*What the exercise asks*
Below are the records; copy exactly the stretch from the line containing "North Dallas XII" through the line containing "7873 Vallagio Lane, Englewood CO 80112", both ends included, and nothing else.

──────── Provided records ────────

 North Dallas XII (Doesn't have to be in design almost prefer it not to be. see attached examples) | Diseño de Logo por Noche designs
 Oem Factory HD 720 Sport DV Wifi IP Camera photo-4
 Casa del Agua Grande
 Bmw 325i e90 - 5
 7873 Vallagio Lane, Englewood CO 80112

────────
──────── Provided records ────────

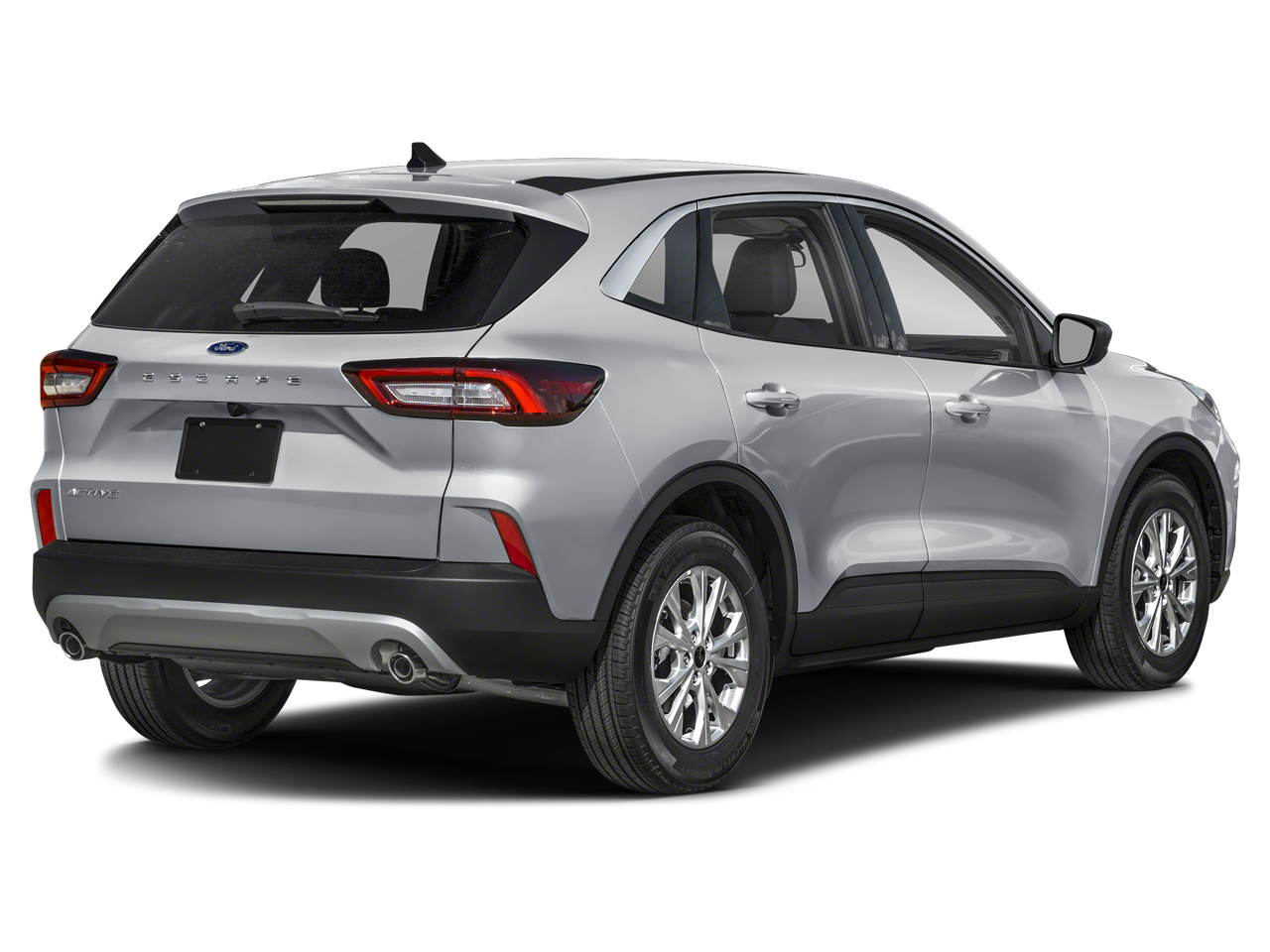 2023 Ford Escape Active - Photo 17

────────
──────── Provided records ────────

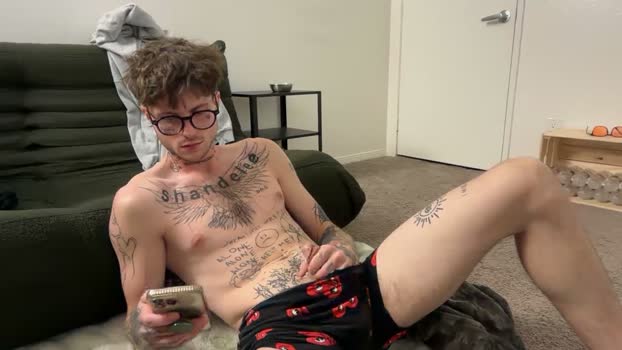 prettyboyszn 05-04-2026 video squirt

────────

*Your response*
 North Dallas XII (Doesn't have to be in design almost prefer it not to be. see attached examples) | Diseño de Logo por Noche designs
 Oem Factory HD 720 Sport DV Wifi IP Camera photo-4
 Casa del Agua Grande
 Bmw 325i e90 - 5
 7873 Vallagio Lane, Englewood CO 80112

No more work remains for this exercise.